Hierodeacon Rafael Misiaoulis, Theologian

Christ has risen! He has risen indeed!

The sixth Sunday after Easter and we hear in church the Gospel reading concerning the Lord’s healing of the man who had been blind since birth. The healing of the blind man was a stinging rebuke to the Pharisees, who were not minded to receive the words of Christ[2]. The fact of being healed was the starting point for the man’s salvation, which, at the end of the reading, is expressed as a confession of his faith.

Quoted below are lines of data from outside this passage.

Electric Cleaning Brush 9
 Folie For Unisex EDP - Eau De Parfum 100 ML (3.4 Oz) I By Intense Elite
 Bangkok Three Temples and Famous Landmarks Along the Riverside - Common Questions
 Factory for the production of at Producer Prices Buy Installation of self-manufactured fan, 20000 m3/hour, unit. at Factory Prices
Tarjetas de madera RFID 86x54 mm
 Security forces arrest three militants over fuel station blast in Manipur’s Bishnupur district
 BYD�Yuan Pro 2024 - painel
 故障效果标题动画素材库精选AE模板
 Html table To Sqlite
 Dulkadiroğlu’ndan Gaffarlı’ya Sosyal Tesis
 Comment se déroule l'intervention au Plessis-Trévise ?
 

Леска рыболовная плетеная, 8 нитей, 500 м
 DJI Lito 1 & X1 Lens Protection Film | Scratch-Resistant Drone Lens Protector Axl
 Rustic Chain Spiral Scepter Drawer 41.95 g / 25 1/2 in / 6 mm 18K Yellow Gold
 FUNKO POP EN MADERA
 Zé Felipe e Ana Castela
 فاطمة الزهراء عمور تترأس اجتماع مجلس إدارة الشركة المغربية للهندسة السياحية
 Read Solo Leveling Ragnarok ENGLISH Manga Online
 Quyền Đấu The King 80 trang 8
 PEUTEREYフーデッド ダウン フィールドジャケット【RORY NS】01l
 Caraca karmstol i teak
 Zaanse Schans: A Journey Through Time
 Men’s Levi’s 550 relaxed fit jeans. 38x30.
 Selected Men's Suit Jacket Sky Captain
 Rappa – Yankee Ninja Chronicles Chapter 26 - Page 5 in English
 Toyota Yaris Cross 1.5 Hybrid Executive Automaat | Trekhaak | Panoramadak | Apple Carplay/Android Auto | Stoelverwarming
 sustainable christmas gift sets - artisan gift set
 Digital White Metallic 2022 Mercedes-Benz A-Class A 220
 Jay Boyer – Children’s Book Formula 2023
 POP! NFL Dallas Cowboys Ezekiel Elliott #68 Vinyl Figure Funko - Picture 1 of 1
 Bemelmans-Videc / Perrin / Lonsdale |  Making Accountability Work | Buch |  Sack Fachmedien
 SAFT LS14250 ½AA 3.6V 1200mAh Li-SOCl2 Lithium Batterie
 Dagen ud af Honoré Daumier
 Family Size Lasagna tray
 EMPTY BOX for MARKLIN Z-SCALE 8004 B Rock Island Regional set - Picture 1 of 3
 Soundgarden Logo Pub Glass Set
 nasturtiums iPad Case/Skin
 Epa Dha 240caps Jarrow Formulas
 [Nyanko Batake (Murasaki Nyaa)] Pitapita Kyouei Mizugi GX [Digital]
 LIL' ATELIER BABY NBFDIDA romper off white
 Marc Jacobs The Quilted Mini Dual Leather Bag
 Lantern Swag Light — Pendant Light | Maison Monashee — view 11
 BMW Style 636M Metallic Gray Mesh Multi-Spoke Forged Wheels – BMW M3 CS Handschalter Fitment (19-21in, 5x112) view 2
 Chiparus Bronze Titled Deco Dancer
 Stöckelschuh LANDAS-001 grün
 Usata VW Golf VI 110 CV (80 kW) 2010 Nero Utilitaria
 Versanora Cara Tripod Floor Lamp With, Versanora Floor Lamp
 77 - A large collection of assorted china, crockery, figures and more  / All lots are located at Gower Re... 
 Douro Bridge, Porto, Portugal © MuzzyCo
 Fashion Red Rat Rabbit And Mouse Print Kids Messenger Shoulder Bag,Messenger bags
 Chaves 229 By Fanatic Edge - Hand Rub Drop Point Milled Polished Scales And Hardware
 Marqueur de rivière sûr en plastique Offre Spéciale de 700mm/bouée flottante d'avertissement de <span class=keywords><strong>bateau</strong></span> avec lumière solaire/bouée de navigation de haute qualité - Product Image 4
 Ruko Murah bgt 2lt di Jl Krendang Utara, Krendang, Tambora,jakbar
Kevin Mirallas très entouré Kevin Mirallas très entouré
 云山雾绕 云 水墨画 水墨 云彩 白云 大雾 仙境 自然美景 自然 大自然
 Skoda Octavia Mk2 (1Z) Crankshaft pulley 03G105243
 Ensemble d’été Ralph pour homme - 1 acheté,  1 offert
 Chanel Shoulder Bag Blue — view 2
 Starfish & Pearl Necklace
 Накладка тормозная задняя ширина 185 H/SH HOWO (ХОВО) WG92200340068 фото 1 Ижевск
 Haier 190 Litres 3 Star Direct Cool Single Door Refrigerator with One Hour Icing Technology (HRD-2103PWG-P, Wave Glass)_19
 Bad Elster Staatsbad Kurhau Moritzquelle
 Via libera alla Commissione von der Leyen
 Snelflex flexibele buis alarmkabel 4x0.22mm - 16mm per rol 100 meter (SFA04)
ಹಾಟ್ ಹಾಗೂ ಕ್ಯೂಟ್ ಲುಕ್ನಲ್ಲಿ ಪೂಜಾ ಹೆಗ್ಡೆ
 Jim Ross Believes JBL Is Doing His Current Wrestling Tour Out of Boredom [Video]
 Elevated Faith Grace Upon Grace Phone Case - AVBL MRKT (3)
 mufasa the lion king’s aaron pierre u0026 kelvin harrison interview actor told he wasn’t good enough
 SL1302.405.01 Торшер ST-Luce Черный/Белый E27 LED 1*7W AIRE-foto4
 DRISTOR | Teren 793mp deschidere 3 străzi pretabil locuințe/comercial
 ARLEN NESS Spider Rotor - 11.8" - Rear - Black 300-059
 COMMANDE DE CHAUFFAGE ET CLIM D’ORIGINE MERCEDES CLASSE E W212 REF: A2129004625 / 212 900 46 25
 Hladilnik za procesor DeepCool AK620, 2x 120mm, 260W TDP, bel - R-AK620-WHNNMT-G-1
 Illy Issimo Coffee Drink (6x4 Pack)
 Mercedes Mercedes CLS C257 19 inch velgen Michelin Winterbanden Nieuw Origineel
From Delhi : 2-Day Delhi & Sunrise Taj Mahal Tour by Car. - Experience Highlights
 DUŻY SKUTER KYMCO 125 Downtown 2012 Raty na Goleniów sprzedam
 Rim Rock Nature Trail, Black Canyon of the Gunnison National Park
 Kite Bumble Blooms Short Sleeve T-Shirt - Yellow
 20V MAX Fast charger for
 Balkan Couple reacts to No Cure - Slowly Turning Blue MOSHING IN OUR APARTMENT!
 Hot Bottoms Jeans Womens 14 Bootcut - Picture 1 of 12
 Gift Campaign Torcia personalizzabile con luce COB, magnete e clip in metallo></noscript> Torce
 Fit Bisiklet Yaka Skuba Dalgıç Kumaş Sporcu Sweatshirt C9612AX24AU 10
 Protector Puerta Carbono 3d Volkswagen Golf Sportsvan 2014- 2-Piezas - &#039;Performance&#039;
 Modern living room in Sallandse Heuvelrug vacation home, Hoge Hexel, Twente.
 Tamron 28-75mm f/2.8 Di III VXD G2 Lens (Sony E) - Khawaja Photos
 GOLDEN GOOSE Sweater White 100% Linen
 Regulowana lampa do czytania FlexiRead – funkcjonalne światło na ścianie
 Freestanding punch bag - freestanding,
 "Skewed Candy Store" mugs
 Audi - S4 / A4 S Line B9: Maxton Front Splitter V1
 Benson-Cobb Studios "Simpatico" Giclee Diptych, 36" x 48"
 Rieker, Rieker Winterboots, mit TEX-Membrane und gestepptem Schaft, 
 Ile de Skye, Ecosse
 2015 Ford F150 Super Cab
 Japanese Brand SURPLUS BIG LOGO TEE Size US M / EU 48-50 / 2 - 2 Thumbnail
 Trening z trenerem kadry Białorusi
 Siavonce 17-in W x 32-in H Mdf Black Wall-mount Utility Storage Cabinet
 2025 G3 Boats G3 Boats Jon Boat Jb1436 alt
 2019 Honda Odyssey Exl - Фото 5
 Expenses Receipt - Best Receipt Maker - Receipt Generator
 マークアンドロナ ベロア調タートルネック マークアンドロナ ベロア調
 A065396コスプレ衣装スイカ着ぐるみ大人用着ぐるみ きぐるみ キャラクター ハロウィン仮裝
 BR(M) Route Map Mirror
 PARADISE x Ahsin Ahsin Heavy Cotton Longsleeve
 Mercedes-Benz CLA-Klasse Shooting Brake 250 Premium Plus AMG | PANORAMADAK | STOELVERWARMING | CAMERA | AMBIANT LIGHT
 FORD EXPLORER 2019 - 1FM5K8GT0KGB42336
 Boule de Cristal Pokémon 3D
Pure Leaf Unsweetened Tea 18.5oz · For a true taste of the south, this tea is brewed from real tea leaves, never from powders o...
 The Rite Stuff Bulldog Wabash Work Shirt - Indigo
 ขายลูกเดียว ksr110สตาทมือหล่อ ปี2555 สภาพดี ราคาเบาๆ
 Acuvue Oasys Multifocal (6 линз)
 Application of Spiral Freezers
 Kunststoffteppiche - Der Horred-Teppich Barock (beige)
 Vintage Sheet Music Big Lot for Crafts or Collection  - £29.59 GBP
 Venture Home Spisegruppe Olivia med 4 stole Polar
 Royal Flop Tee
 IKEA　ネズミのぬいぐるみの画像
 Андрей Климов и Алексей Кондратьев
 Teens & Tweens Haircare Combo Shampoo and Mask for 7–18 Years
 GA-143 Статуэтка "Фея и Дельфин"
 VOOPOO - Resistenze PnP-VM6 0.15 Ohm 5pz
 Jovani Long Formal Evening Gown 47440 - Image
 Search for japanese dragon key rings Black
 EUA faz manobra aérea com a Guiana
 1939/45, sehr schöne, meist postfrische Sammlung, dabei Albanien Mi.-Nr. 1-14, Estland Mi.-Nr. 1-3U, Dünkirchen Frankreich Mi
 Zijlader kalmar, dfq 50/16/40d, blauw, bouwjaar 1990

According to the Gospel narrative in John[3], as Jesus was going through Jerusalem, He encountered a man who’d been born blind[4]. Out of sympathy for His creation, He made clay by spitting on some soil, spread it on the man’s eyes and then told him to go to the pool of Shiloam and wash his face[5]. We should mention here that, at that time, people who were lepers, blind, childless or poor were considered to be under punishment from God for very onerous sins. Both in religious and social terms they were marginalized and, to all intents and purposes, were living dead. But then along came Our Lord, Who gave the lie to this whole idea, which was prevalent at that time.

The cause of his blindness wasn’t any sin committed by him or his parents[6]. He was born blind in order that the glory of God might be revealed. Sickness and pain aren’t always the result of our personal sins, but may be the consequence of our imperfect human nature or of our own individual constitution.

No sooner had he shown complete obedience to the Lord than his sight returned immediately and he could see normally. Everyone who knew him wondered whether it was the same person, how he’d been healed, how his eyes had been opened[7]. He boldly declared the truth before them, saying he’d been healed by a man called Jesus.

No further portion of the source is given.